Values are one of those things we hear a lot about, either personally, or in our organizations. Often we pay lip service to them, or we talk about values we think everyone agrees with, like kindness, loyalty and openness. While that sounds fine, (and I know you’re not a monster!), they may not truly be your highest values.
Being able to articulate your personal values can guide you in so many ways. They become a compass. Their absence or fuzziness might be why you’re feeling out of sorts at work or in life. Finding values that are yours will amplify the things that absolutely matter to you.
There are lots of tests online that help you find your values, but I want to share a way I use that’s really powerful. Are you ready to dig deep into what you truly value?
We’re going to explore your values through the lens of peak experiences. Peak experience was a term coined by Abraham Maslow in 1964, and he used words like “rare, exciting, deeply moving, exhilarating” to describe them. They are moments when joy and elation combine in a feeling that elevates and transcends the ordinary.

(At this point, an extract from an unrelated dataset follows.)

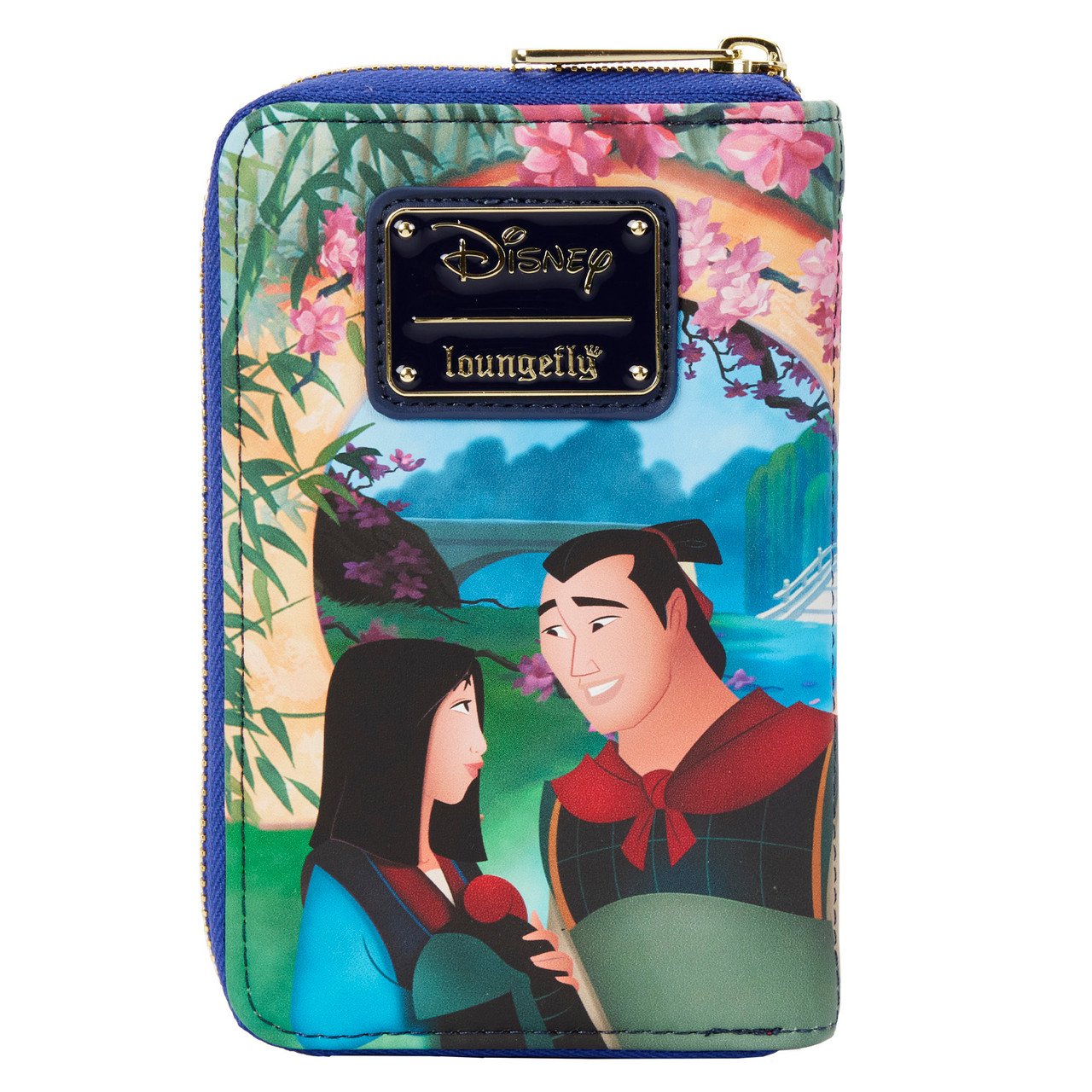 Loungefly Disney Mulan Castle Zip Around Wallet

They can have a spiritual, profound aspect to them. They are moments you don’t forget. They are a portal into discovering your unique values.

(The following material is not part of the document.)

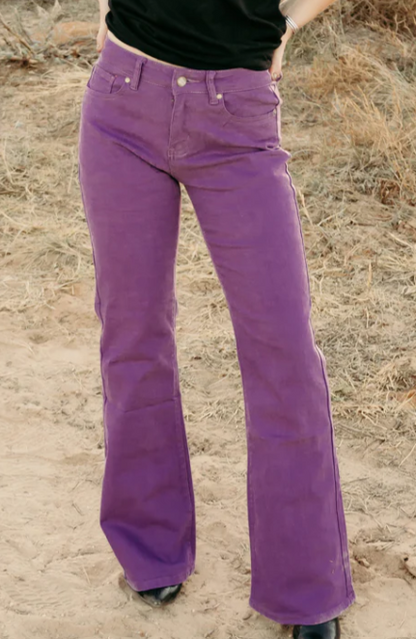 WALKING WEST DENIM PURPLE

Think of a time when you felt a peak experience. Try not to reach for the obvious or rote – like the birth of your child, or climbing that mountain, or getting married. They may have a been peak experience, but don’t fall into the trap of what an expected peak experience should be. For instance, one of mine isn’t my wedding day, but rather walking into a pub when I was 17 and seeing my first punk band live. The thrill, elation, pure joy of that moment has stayed with me. So be honest with those experiences that left a delible mark of pure joy on you.
When you have one, write the words that you associate with that. For me, seeing the Scientists play in a grubby Perth pub, I felt like I’d found my people and my music. I felt like I belonged. I loved the feeling of doing things differently and not following the status quo. Write down what your experience meant for you.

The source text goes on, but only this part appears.